◆ Input data ◆
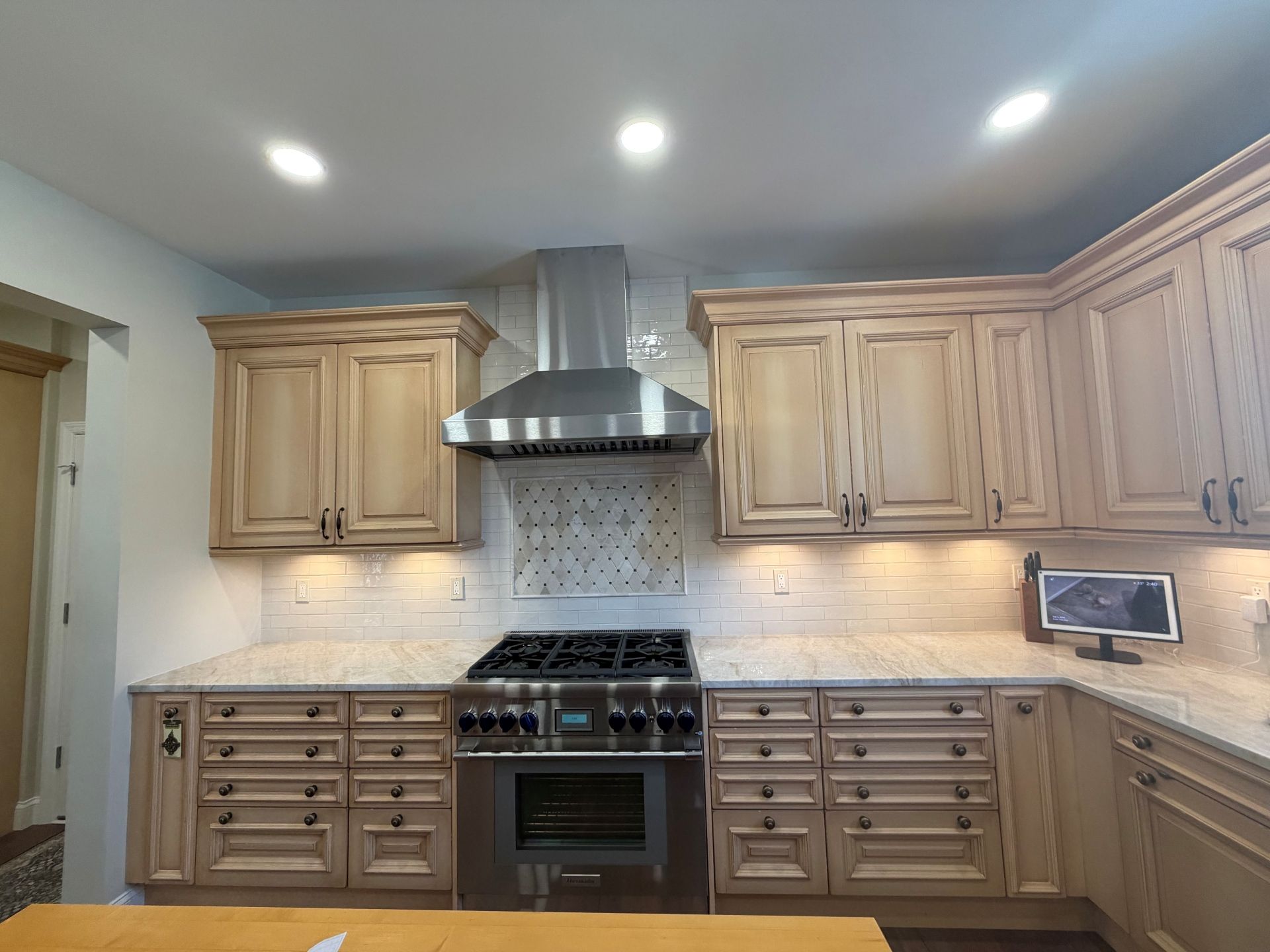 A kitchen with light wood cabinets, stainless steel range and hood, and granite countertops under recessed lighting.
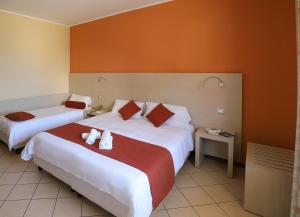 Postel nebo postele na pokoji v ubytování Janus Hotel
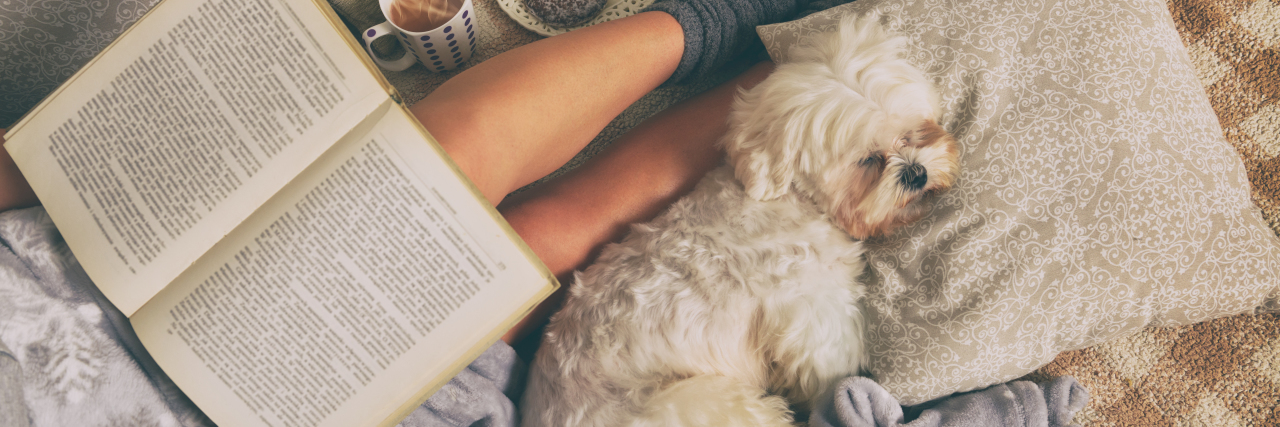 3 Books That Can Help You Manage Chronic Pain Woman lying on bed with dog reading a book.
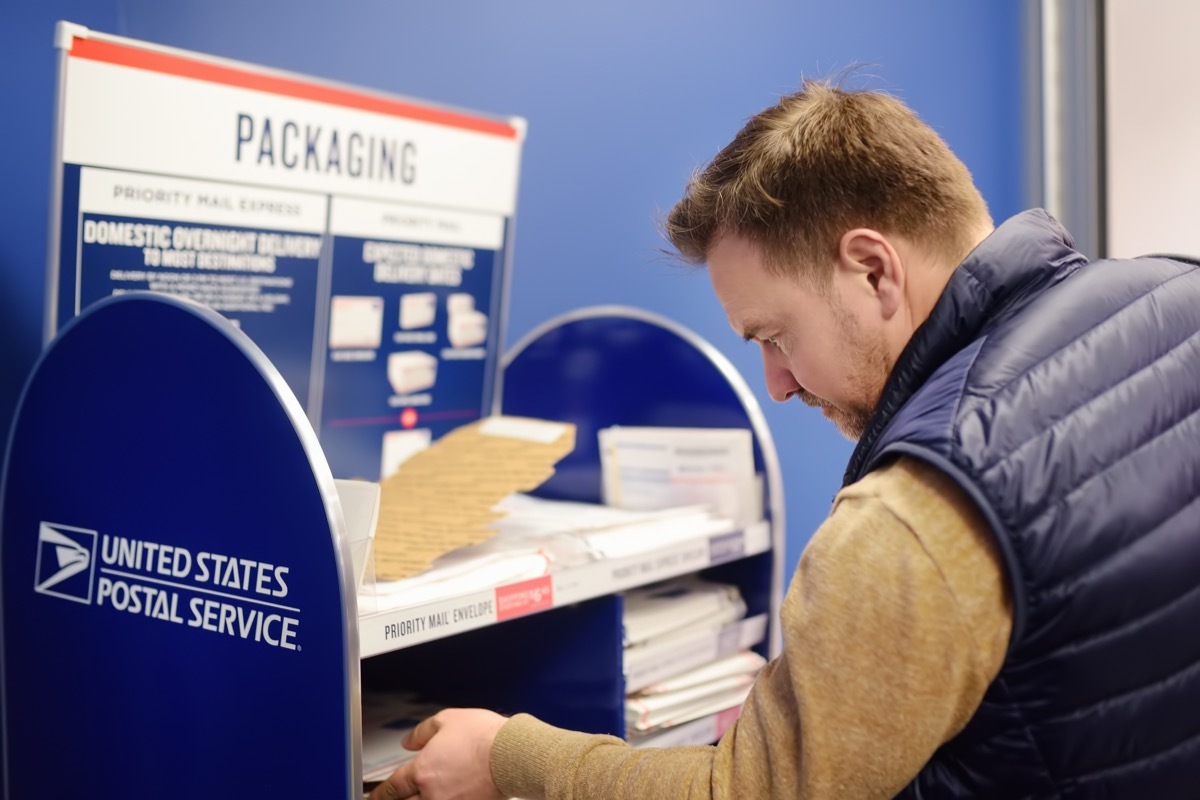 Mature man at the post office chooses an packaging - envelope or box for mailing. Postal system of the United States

◆ Your instructions ◆
Copy out all the data exactly; skip the pictures.

◆ Answer box ◆
 A kitchen with light wood cabinets, stainless steel range and hood, and granite countertops under recessed lighting.
 Postel nebo postele na pokoji v ubytování Janus Hotel
 3 Books That Can Help You Manage Chronic Pain Woman lying on bed with dog reading a book.
 Mature man at the post office chooses an packaging - envelope or box for mailing. Postal system of the United States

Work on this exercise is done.